Self-similar blowup for the cubic Schrödinger equation
Roland Donninger, Birgit Schörkhuber
TL;DR
The authors prove the existence of a nontrivial, finite-energy self-similar blowup solution for the 3D focusing cubic NLS by constructing an accurate, radially symmetric self-similar profile $Q$ and a corresponding self-similar solution $\\psi_*(t,x)$. They develop a rigorous, computer-assisted fixed-point argument around a numerically computed approximation, combining a Chebyshev pseudo-spectral method with fraction-precise arithmetic to obtain explicit, verifiable bounds. The core innovation lies in formulating a robust abstract framework with admissible left/right fundamental matrices, a regularized inverse, and a carefully designed function space pair $(X,Y)$ that allow contraction despite the problem’s unbounded domain and symmetry-induced noninvertibility. This approach yields both qualitative and quantitative evidence that the constructed profile matches the numerically observed universal blowup shape, contributing a rigorous foundation for the universality of the breakdown pattern in the 3D cubic NLS. The methodology blends deep analytic structure with exact, reproducible numerics, offering a blueprint for rigorous computer-assisted proofs in nonlinear dispersive equations.
Abstract
We give a rigorous proof for the existence of a finite-energy, self-similar solution to the focusing cubic Schrödinger equation in three spatial dimensions.
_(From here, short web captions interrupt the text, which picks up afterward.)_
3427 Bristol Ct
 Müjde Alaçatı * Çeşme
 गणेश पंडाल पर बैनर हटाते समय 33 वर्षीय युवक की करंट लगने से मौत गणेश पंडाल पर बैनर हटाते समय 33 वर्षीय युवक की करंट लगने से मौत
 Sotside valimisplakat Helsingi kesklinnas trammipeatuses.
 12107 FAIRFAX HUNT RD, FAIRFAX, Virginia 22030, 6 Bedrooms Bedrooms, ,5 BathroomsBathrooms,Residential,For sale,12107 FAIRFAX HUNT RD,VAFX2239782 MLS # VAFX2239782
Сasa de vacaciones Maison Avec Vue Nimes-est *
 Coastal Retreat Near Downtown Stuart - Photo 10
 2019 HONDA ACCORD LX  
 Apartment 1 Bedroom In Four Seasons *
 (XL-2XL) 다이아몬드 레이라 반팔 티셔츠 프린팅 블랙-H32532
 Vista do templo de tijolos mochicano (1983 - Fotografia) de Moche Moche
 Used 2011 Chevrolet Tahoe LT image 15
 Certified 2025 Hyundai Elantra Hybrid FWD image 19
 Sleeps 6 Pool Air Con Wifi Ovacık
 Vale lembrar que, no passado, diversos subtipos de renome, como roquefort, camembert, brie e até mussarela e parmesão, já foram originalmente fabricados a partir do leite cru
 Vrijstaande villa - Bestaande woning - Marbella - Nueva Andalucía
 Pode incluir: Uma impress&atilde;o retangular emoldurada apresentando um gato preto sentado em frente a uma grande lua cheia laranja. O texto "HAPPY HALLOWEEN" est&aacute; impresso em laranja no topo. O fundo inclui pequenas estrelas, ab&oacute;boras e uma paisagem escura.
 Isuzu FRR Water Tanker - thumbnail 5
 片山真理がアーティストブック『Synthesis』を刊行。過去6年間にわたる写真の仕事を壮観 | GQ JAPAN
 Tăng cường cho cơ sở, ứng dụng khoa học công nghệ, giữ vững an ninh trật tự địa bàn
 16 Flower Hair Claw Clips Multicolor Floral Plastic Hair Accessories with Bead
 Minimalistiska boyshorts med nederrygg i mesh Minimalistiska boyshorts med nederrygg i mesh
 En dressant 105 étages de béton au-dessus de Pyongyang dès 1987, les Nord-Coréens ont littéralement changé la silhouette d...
The proof is computer-assisted and relies on a fixed point argument that shows the existence of a solution in the vicinity of a numerically constructed approximation. The latter is obtained by a standard pseudo-spectral method. The computer-assisted part of the rigorous proof uses nothing but fraction arithmetic in order to obtain quantitative bounds for the fixed point argument.